毅烈捂著胸口:“去去去,下手沒個輕重,沒死也被你錘死了,運氣好撿了一條命。”
萱羽:“介紹一下?”
北向插嘴道:“我知道,師父戰友。”
毅烈敲了一下北向的頭:“就你長嘴了?大人說話你插什麼嘴。”
象巖山:“你徒弟挺壯實呀,咋教的。”
毅烈笑道:“壯實啥啊,有點本事,一天沒個正形。”
象巖山:“那天我也去收個徒弟,這位姑娘是?”
蛇毅烈:“我們族長,蛇萱羽。”
象巖山:“失敬,失敬重新認識一下,象巖山,象族軍隊總負責人。小小年紀就能當上族長,想必定有些過人之處。當真少年英傑。”
萱羽:“前輩謬讚了。”
象巖山:“毅烈,你們還住那蛇窩呢?早點搬出去吧,那地方太偏了,中間還隔著沙暴區,這族長換了幾年了,咱是一點訊息都沒有。這樣,我幫你們找地方。”
萱羽:“前輩,好意我們心領了,但這種事還是自己解決比較好。”
“哎呦,把這茬忘了,抱歉,僭越了,還望海涵。”說著招呼過來一個衛兵,“你帶這幾位去就座,失陪了,這一片的警戒我需負責,毅烈,晚上咱們好好喝幾杯,給我講講你咋活下來的。”
毅烈:“好,一言為定,今晚不醉不歸。”
說完三人就跟著衛兵進聚沙廳,在途中蛇北向開口問道:“師父,你和巖山前輩啥時候認識多久了。”
毅烈:“大概二十多年了。”
北向:“我感覺巖山前輩和我脾氣很搭呀。”
蛇毅烈看著北向笑道:“脾氣差不多,但腦子可差遠了。”
北向:“為啥?”
蛇毅烈敲他的頭:“腦子不好使多看點書,那有那麼多為什麼。我突然有點想翊羽了,你們聊的來。

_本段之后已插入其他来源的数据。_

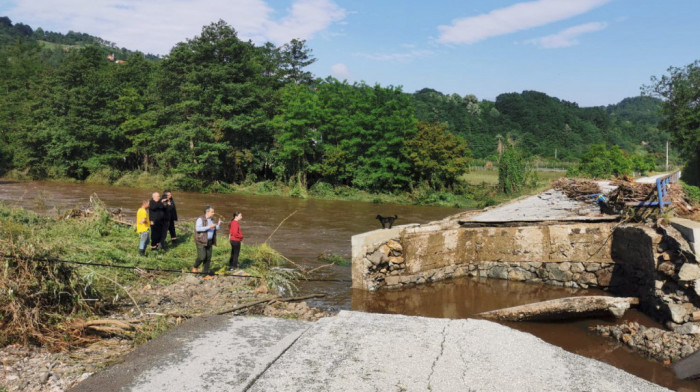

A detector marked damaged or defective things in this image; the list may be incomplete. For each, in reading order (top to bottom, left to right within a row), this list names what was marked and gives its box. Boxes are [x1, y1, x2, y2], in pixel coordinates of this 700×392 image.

cracked concrete surface [69, 310, 668, 390]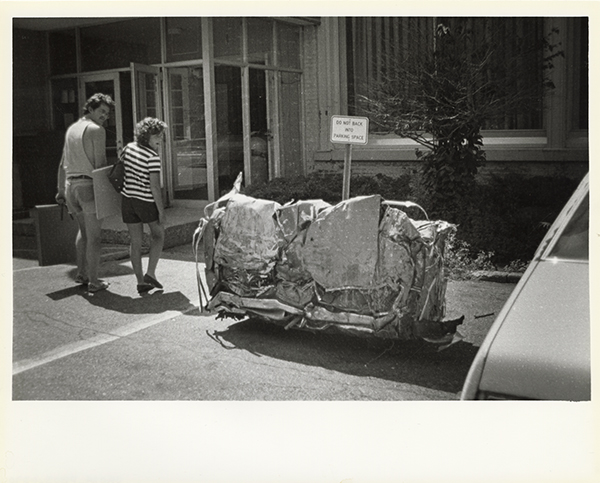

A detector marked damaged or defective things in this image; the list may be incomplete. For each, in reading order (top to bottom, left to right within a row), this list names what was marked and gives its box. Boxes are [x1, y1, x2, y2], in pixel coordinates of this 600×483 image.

crumpled sheet metal [197, 191, 454, 342]
crushed car [193, 178, 464, 348]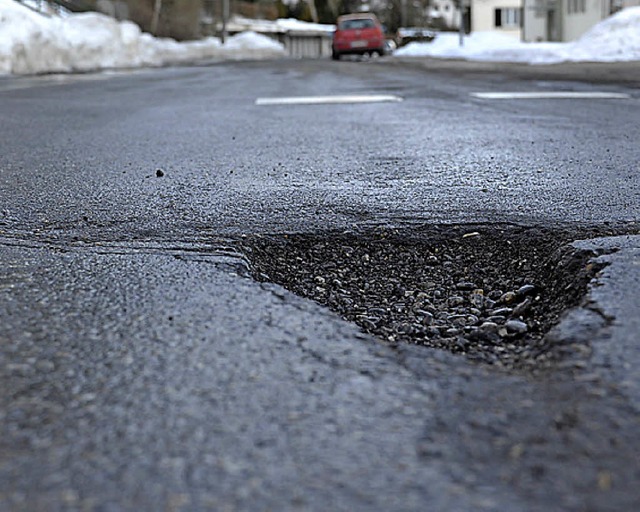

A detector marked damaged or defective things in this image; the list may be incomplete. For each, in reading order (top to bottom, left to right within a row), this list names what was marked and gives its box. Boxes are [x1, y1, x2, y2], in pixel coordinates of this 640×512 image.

gravel in pothole [240, 225, 620, 372]
pothole [238, 224, 628, 372]
dark asphalt patch [239, 224, 636, 372]
cracked asphalt edge [544, 235, 640, 412]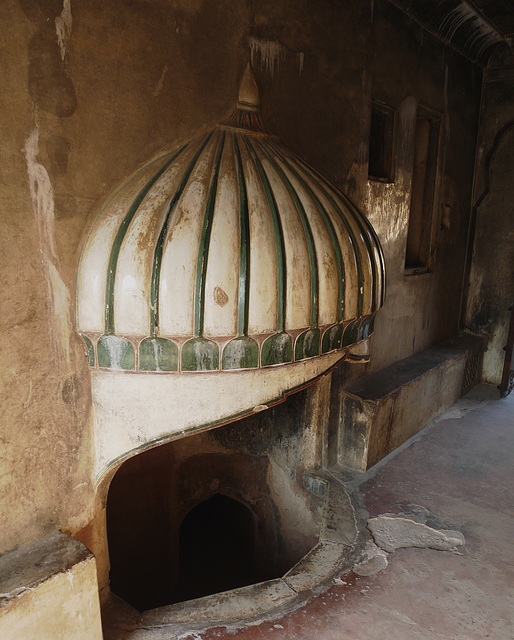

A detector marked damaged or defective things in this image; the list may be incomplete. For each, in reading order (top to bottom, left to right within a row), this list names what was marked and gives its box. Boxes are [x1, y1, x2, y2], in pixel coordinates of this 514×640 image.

peeling paint on wall [55, 0, 72, 61]
peeling paint on wall [248, 38, 284, 77]
peeling paint on wall [24, 127, 71, 364]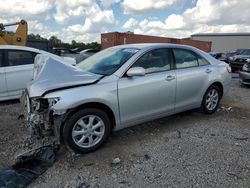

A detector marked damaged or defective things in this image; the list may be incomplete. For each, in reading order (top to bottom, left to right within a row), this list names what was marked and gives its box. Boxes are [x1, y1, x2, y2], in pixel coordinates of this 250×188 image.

crumpled hood [26, 54, 102, 97]
damaged front end [20, 92, 64, 146]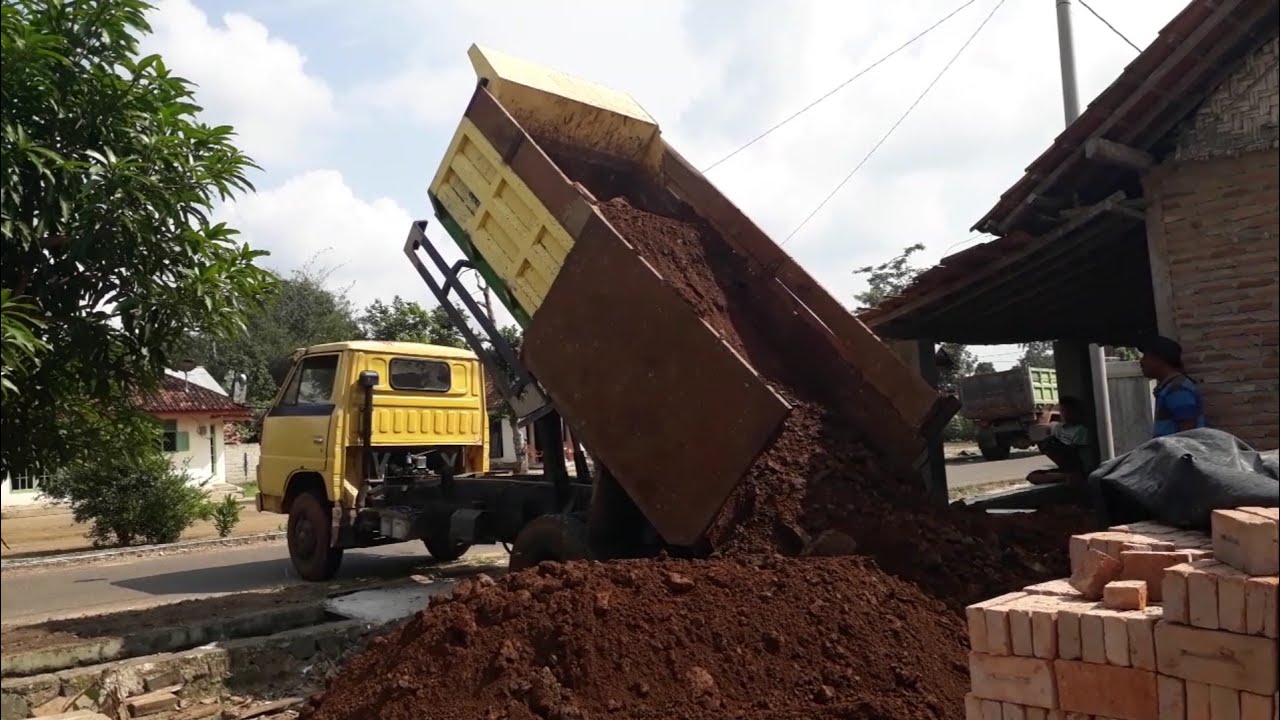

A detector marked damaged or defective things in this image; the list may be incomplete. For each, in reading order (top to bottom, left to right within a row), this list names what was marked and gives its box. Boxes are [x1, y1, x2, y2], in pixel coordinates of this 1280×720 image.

rusty metal panel [522, 210, 788, 540]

”
蛇萱羽在一旁聽著兩人前言不搭後語的對話不禁偷偷笑了起來,為了不被兩人發現便把頭轉向一邊,陽光映著她的側臉顯得一笑百媚。
幾句話的功夫便到了坐位上衛兵開口:“這便是統領給諸位留的位置,既已送到,我便告退了。”
萱羽:“謝謝。”
過了半個多小時各族都來的差不多了,坐於北方一位與象巖山長的差不多的人站起來面帶笑容:“諸位,今天我等齊聚於此,幹什麼都知道,我便長話短說,我的對面就是他們的代表團,關於和談的細節,我已和他們提前商議......”話未說完一位的蠍族代表打斷道:“佑民,這不符合流程吧。”他的尾巴搭在肩上,兩手的鉗子也放了下來。象佑民楞了一下反應過來解釋:“我們也只是做了一個基礎模板,有什麼條件各族代表提出來,咱們再商量,林副官,把我們擬定的協議給大家過目吧。”

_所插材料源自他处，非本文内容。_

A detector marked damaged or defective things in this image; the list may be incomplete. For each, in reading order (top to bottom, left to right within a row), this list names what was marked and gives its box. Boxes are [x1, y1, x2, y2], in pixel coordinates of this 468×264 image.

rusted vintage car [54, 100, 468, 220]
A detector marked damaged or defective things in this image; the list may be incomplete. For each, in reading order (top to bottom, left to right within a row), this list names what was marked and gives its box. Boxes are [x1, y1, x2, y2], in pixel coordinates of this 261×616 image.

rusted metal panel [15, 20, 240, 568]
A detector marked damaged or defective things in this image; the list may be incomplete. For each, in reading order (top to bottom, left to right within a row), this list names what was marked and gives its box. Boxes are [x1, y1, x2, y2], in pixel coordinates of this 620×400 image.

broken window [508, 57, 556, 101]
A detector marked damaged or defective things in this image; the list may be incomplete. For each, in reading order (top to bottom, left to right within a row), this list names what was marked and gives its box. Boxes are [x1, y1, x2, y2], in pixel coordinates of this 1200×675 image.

坐於正南方向的人對身邊的手下使了下眼色,手下便將協議發放下去,眼見差不多了林副官便說:“沒什麼問題,各位便籤字吧。”
蠍族首領將協議拍在桌子上冷哼道:“沒問題?問題可大了去了。”此言一出,各族都在下方交頭接耳
象佑民:“蠍淵,何出此言。”
蠍淵:“佑民,你自己看看,這就是你們定的協議?”
各族也瀏覽的差不多了。越來越多的族群首領起身質問表達不滿,象佑民看見這番情況找到一份協議瀏覽起來,看完協議面向林副官質問:“我們擬定的協議去哪兒了,你們這是什麼意思?”林副官不慌不忙的反問:“這協議不是我們一起擬定的嗎?您還在上頭簽了字呢。”協議上赫然寫著北漠本地族群需分出一定區域給人族,北漠地圖上百分之六十地域劃分給了萬朝,百分之六十地域中包含了百分之七十的水源,北漠本地族群不得踏足劃分出的地域。協議末尾是象佑民與林副官的簽名
“不是和談嗎?他們這鬧那一出?”
“這群畜生根本不是來和談的,分明是來搶地盤的。”
“象佑民,你給大傢伙說清楚,你和他們是不是一夥的。”
林副官:“諸位,既然是你們提出的和談,今天那個族群若不把協議簽了,那隻能帶軍隊上門拜訪了。”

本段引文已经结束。